Concentrated Solar Power, with molten salt heat storage. Kicken butt. Uses less land than strip mining coal (ok i don't know that, but people need to realize that coal uses lots and lots off land. It is not just the power plant.


Solar photovoltaics, to expensive except with subsidies which it gets, but lots of room and work being done to improve it. I haven't checked recently but a lot of progress was being made.

Nuclear. Dead in the water for now. It destroys where it is mined, it is  never built on time or within budget, and it cannot get financing because it defaults half the time. I hate it, in its present form along with the environmentalists. i am happy President Obama included money in the energy budget for nuclear research to solve its problems. I do not want to offer  loan guarantees that will fail.

Hydrogen. I plead ignorance and defer to the devilinside.

Nat gas. best short to mid/term replacement, while we wait for solar/wind etcetera, whatever.


Wind power; fastest growing weed in the west, large landowners love it, it is new free money for them. it is cheap.  MOG-A recently purchased a the largest supplier of windmill blade pitch control systems. Vestas and Gamesa are my favorites windmill builders.

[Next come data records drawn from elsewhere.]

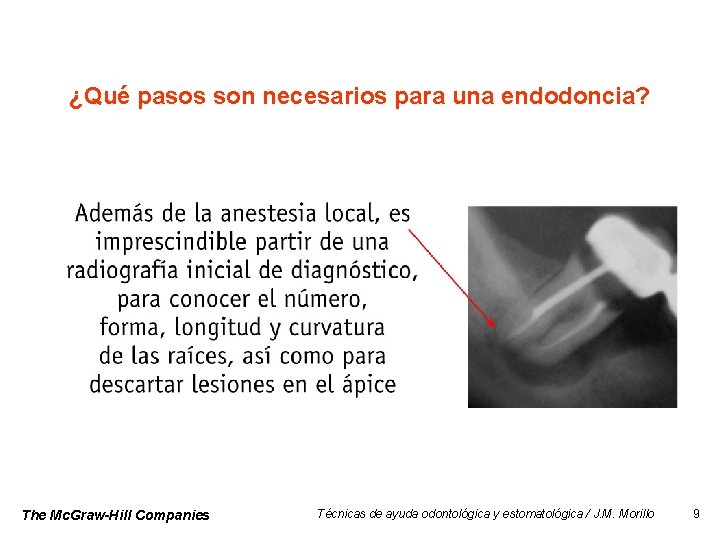 ¿Qué pasos son necesarios para una endodoncia? The Mc. Graw-Hill Companies Técnicas de ayuda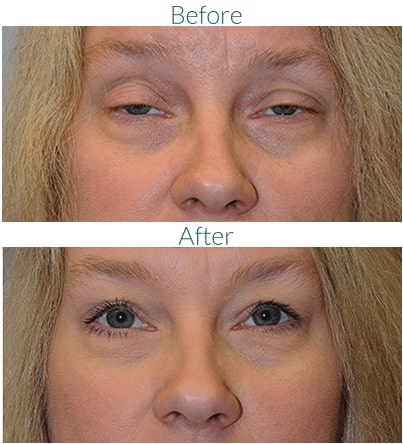 before and after Eyelid Ptosis Surgery Greenwood Village CO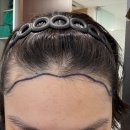 이후헤어 | 여성헤어라인교정 히든컷 모발이식 1800모 1년 후기(내돈내산 솔직후기)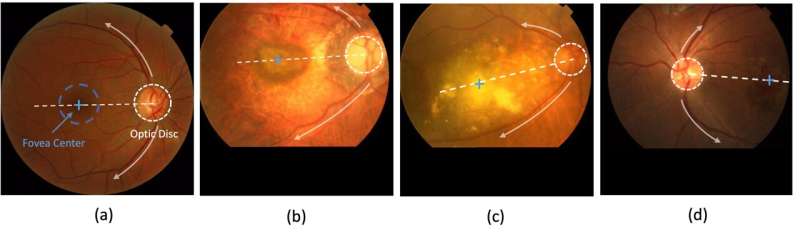 Retinal disorder diagnosis improved by new AI-powered medical imaging, study shows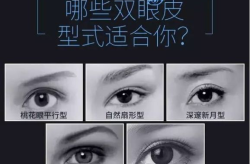 北京做双眼皮贵不贵？具体要多少钱？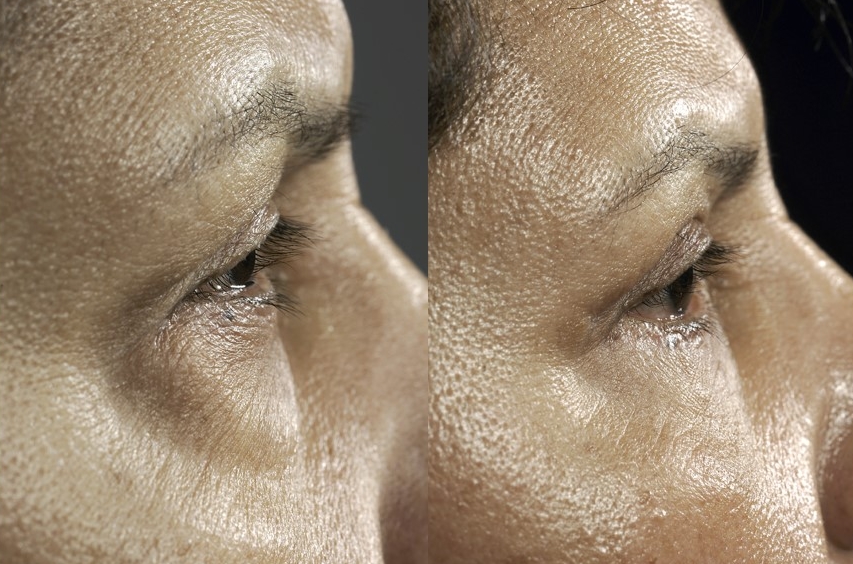 Actual patient of Dr. Devgan. Before & 3 months after upper and lower eyelift
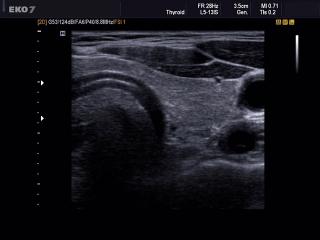 Thyroid, B-mode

AVAV also for small windmills on buildings. Push for offshore wind is tougher because presently...

Wave Power technology outperforms it with much less environmental impact. Wind is a waste of ocean space. Tidal power is moving forward also.


Geothermal. HTM, ORA, for power plants with cheaper than coal electricity and to tap the free waste heat from conventional power generation, steel,cement manufacturing. RZ is a possibility if they learn to earn. LXU for inexpensive home heating/cooling.

Coal. stinks for all the well known reasons. cleaning it will drive the cost up over the price of wind/wave and maybe CSP.

So why it is up? President Obama included money to develop clean coal technology... a good idea. Thats the first half of what I have. The second half says it should be down. and up. President Obama's interior secretary Ken Salazar is reviewing rules about "tailing" dumpings from mountaintop removal processes. It is likely to become much more expensive to dump waste because the ability to dump into the nearest stream valley can and should be ended. The companys not engaged in mountaintop removal should be up, the ones that are, down. I do not know which are which.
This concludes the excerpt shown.